Hierarchical aggregation allows for efficient computation of mean, SD, min, and max aggregates at varying time resolutions, by resuing previous results and avoiding processing raw data as much as possible. The core idea is to store intermediate ("lossless") aggregates, which can be used to compute the final aggregates (mean, SD, min, and max) at current or coarser time resolution.

## Code framework of hierarchical aggregation

The framework contains utility tools for operating on dataframes (`rename`, `get_vars_from_flat_cols`, and `get_cols`), and three main functions for producing the aggregates `init_agg`, `coarsen_agg`, and `finalize_agg`.

### `init_agg` : raw → lossless
`init_agg` is the only function to apply to raw temporal data. It produces intermediate ("lossless") aggregates at the requested time resolution.
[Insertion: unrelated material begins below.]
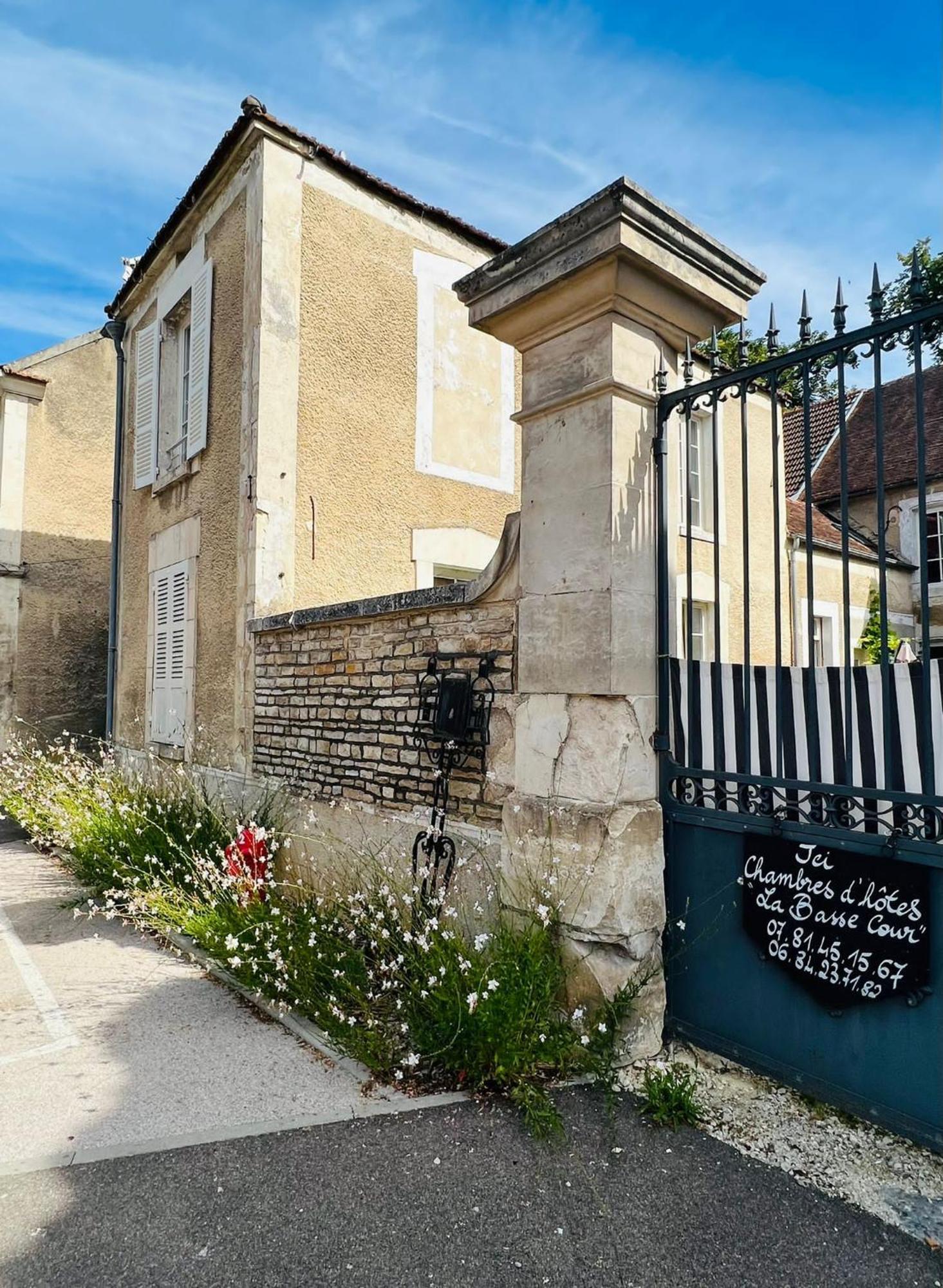 La Basse Cour Hotell Tanlay Eksteriør bilde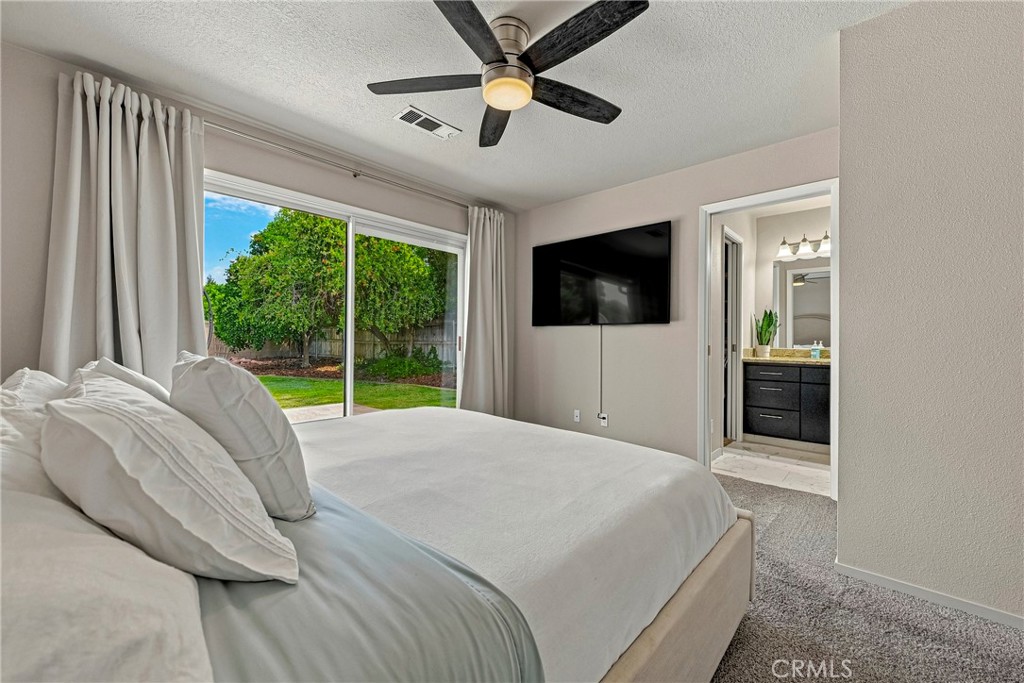 1321 Oregon Property Photo 34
In an ideal use case, `init_agg` is called only once and for the finest time resolution possibly required. Its outputs are to be stored and subsequently used to compute the final aggregates, including for any coarser time resolution.

### `coarsen_agg` : lossless → lossless
`coarsen_agg` takes "lossless" aggregates and aggregates them further to some coarser time resolution. For precision, the latter should ideally be a multiple of the time resolution in the input data (e.g. coarsening aggregates at 5-second resolution into 1-minute resolution). For best performance, always choose the coarsest time resolution for the input (e.g. it's faster to obtain 1-minute aggregates from 30-second aggregates than from 5-second aggregates).

### `finalize_agg` : lossless → final
`finalize_agg` takes "lossless" aggregates and produces the final aggregates (mean, SD, min, and max) for the same time resolution. The final aggregates cannot be used for further coarsening.

In [102]:
from functools import partial
from itertools import chain
from copy import copy
import pandas as pd
import dask.dataframe as dd


def rename(df):
    '''
    Rename columns to allow element-wise operations between dataframes of the same size.

    df: dataframe
    '''
    return df.rename(columns={col: i for i, col in enumerate(df.columns)})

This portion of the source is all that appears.